5 de novembro de 2014

O OLHAR DO POETA

Roberto de Queiroz* 
De acordo com o poeta Manoel de Barros, é possível tirar poesia até do esgoto. Augusto dos Anjos, nesse contexto, palavreia de maneira similar. Segundo ele, o beijo é a véspera do escarro.


“O que se depreende [...] [dessa expressão] não é o sentido frio do dicionário da palavra escarro, mas a grande verdade da vida e que existem pessoas que beijam outras com um beijo traiçoeiro, como Judas, que beijou Cristo para, em seguida, entregá-lo à prisão. [...] Para retratar essa realidade, o poeta diz que o beijo (a parte boa) antecede a parte má (o escarro). Ninguém perguntou, mas ele responde. É assim o mundo visto pela ótica pessimista de quem escreve, embora seja bem mais conhecido dizer que o poeta só fala de amor. O certo é que a tradição não liga muito a ideia de esgoto à poesia” (Admmauro Gommes, Intradução poética).
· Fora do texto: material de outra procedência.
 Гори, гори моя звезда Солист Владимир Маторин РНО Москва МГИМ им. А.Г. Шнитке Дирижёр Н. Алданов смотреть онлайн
São lúcidos os comentários acima. São perfeitamente possíveis tanto haver poesia no esgoto quanto à proximidade entre beijo e escarro. Não no sentido literal (denotativo), mas no sentido literário (conotativo) da palavra. O beijo de Judas ilustra muito bem a linha de raciocínio de Admmauro. Afinal, “o que realmente caracteriza a poesia é o fingimento. Observemos, por exemplo, a primeira estrofe do poema Autopsicografia, de Fernando Pessoa: “O poeta é um fingidor./ Finge tão completamente/ que chega a fingir que é dor/ a dor que deveras sente.” Esses dois últimos versos revelam claramente que o poeta não anula a existência de uma dor real, mas a dor fingida, a dor que figura no poema, assume uma característica própria e atua com mais intensidade que a dor real” (1).
De resto, vale salientar que certos autores definem a poesia como ficção: “Poeta, escreveu Jonson, grande dramaturgo inglês, contemporâneo de Shakespeare e um dos homens mais cultos do seu tempo, é, não aquele que escreve com métrica, mas o que finge e forma uma fábula, pois fábula e ficção são, por assim dizer, a forma e a alma de toda obra poética ou poema.” Mas, conforme assegura Manuel Bandeira, “é evidente que a poesia pode nascer também em pleno foco da consciência, e portanto atuar de maneira claramente apreensível. [...] Afinal em poesia tudo é relativo: a poesia não existe em si: será uma relação entre o mundo interior do poeta, com a sua sensibilidade, a sua cultura, as suas vivências, e o mundo interior daquele que o lê” (2).

P. S. – Citações minhas: (1) em “O poeta e a poesia”; (2) em “Meus versos livres e soltos”.
(Artigo publicado no jornal Gazeta do Oeste, Mossoró/RN, 30/10/2014, Opinião, p. 2)

* Professor e escritor. Autor de “Leitura e escritura na escola: ensino e aprendizagem”, Livro Rápido, 2013, entre outros. 



Um comentário:

  1. A inspiração para a formulação do poema é totalmente singular e transcorre das mais inusitadas situações, não se deve esperar que venha de coisas boas, contudo as ruins inspiraram e tornam-se obras surpreendentes... O poeta tem a habilidade de transformar atraves das palavras aquilo que vulgarmente seria algo pessimista .

    Romélia Milânia 1º Periodo - Letras.